The opening of the bandgap of the ensemble can be understood if we consider the distributions of the gaps’ mean frequencies and widths, shown in Fig. 2 (see also Fig. 1) as well as the scattering properties of individual cylinders. For the fully ordered case of photonic crystals, Vynck and coworkers proposed that both gaps are created by the electric dipole resonance of the cylinders, but the magnetic dipole resonance occurs in the middle and separates the gap into two parts by a conduction band [21]. For disordered structures, at low $\chi$, even though every configuration has a bandgap, these gaps are narrow and vary in frequency; thus, they do not have much overlap and, on average, the nDOS at the corresponding frequency range is non-zero (see the $\chi =0.10$ case in Fig. 2). The picture is different at $\chi \geq 0.4$, where the mean frequencies of the gaps do not vary as much from realization to realization, while at the same time the gaps are much wider; as a result, they have greater overlap, as shown in Fig. 2 for the case of $\chi = 0.5$. Consequently, the nDOS of the ensemble remains 0 over a large frequency range of 3 GHz – 5.5 GHz, which corresponds to the mean location and width of the gaps shown in Fig. 1 and to the large gaps shown in Fig. 2 and 4.

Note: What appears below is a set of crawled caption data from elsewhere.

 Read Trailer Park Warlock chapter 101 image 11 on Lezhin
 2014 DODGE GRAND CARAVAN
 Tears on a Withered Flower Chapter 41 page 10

3. Conclusions and outlook

Our results offer insight towards the understanding of the ingredients required for the appearance of bandgaps in disordered systems, and they emphasize the importance of correlations for the formation and robustness of photonic bandgaps. We find that for finite pieces of 2D materials we can always find a bandgap. However, when $\chi$ is small, it is difficult to predict the location and width of the bandgap for each realization. The gaps can be wider or very narrow, and their central frequencies can be found over a wide range of values. On the other hand, for $\chi \geq 0.4$, the location and width of the bandgap are robust features of the system regardless of the details of the scatterers’ distribution. Thus, it is likely that these features are also robust to perturbations or imperfections, when it comes to practical realization of bandgap materials.

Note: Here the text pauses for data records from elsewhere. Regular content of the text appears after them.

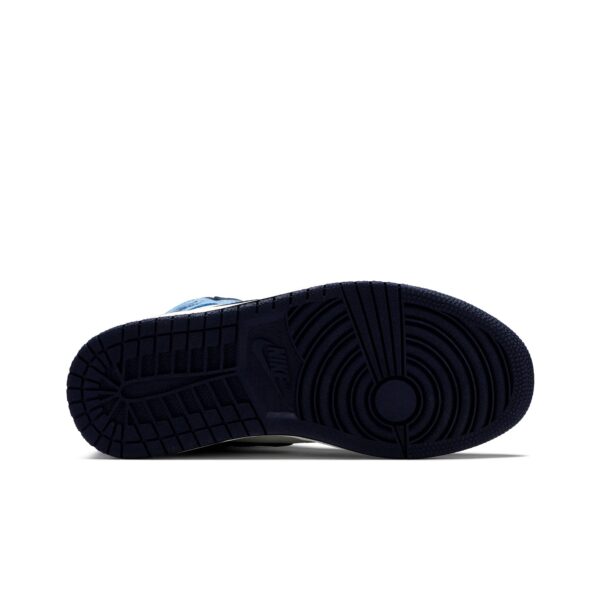 Air Jordan 1 Retro High OG 'Obsidian' 555088-140 - Image 4
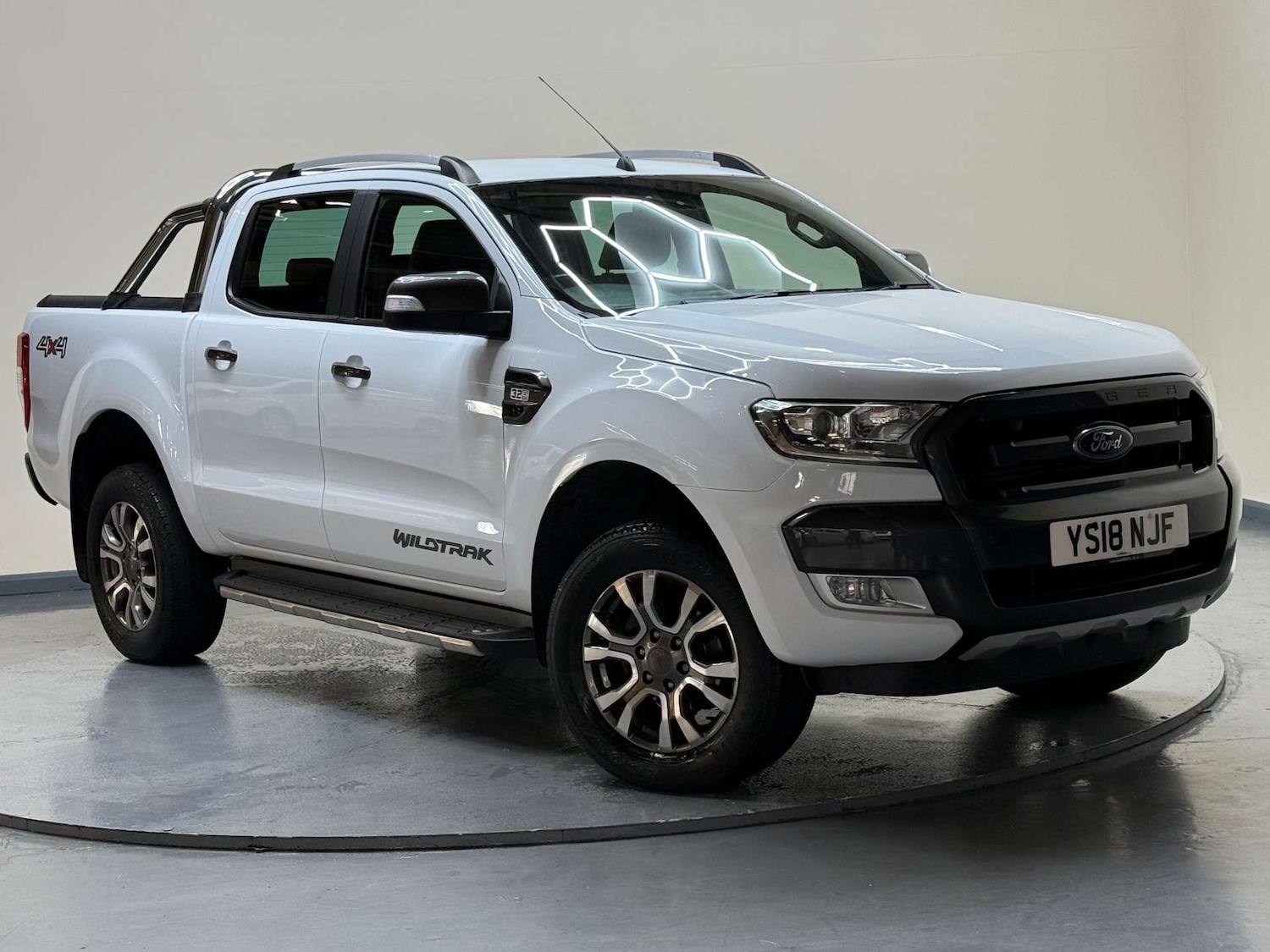Used Ford Ranger 2018 for sale - 76945333: Photo 1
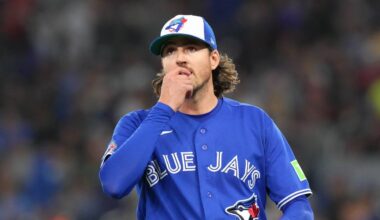 Kevin Gausman hoping to start for Blue Jays at home 'one last time'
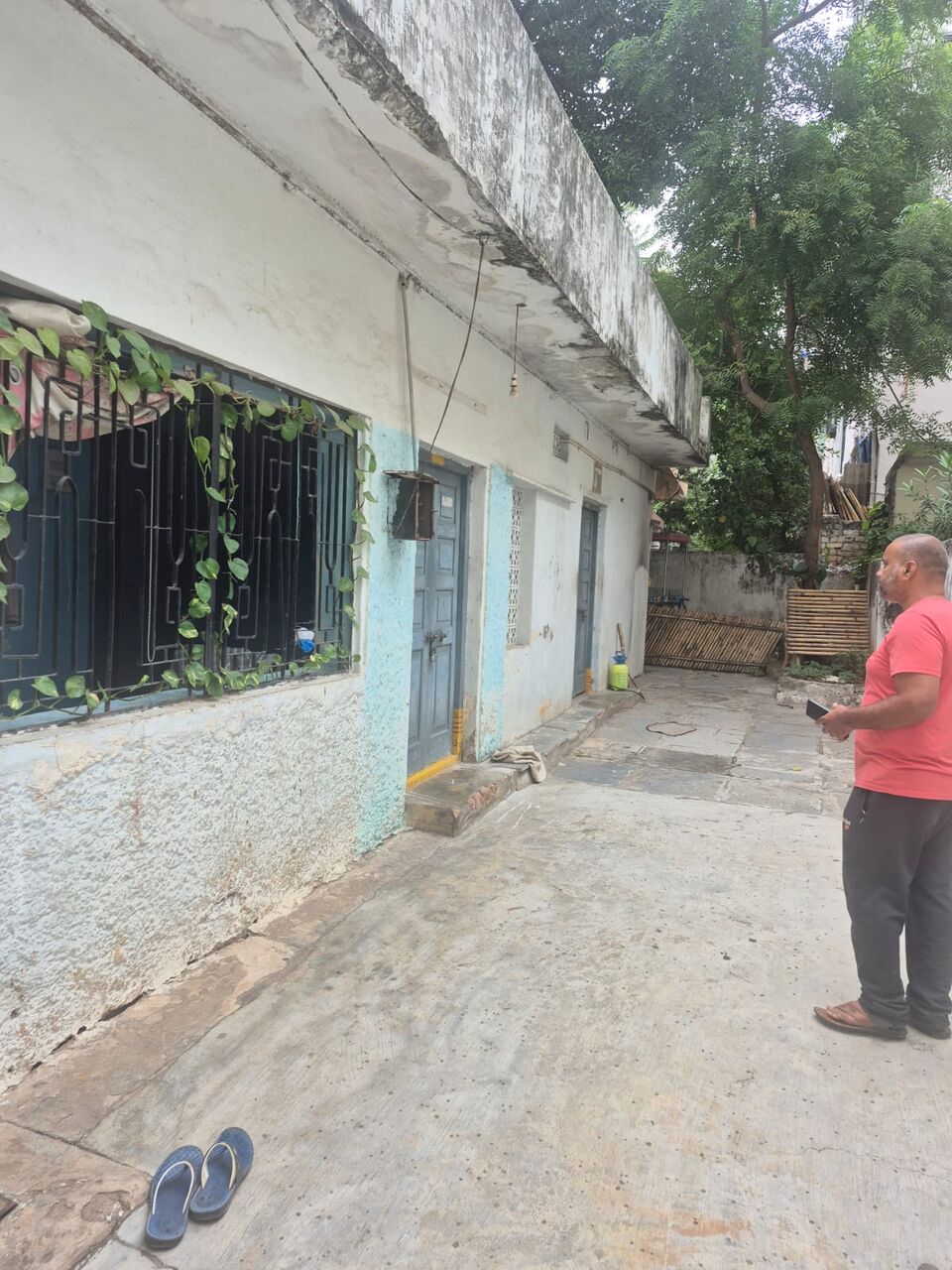 Hyderabad, Real Estate For Sale, INR 95,  Studio,  265 Sq. Yard,  Old House For Sale 265 SQYD - Saidabad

Of course many questions remain. To complete the picture, it would be interesting to analyze band gaps in both TM and TE polarizations, as well as to investigate the effect of the refractive index contrast on the critical value of $\chi$. However, we assume that differences in system parameters do not qualitatively change the picture. Interestingly, we observe a sharp change in the bandgap statistics at $\chi \gtrsim 0.35$ which raises the question whether our observations could be described by a (critical) phase transition—a topic for future work. Finally, in the present work we have not discussed the influence of system size, as all of our systems were composed of around 200 scatterers. Would our observations be relevant for larger systems? An interesting contribution was made recently in this direction, where the authors investigated the behavior of photonic bandgaps in disordered hyperuniform systems of increasing system size and extrapolated to the thermodynamic limit, finding, similarly to our results, a critical $\chi$ value above which bandgaps are robust [12]. This is also compatible with the results presented in [9] on transport statistics in equivalent systems of different sizes. Considering a large system as the sum of many smaller ones, one might hypothesize that the DOS of the entire system would resemble the average of the nDOS of its smaller parts. If these have overlapping gaps, then it might be reasonable to expect that these gaps will be present for the entire system, whereas if the smaller sub-systems only have non-overlapping gaps, then perhaps no gap would appear overall. If true, this approach would provide a new method to study larger disordered hyperuniform systems, a task that is at present limited by the computational complexity that comes with lack of periodicity.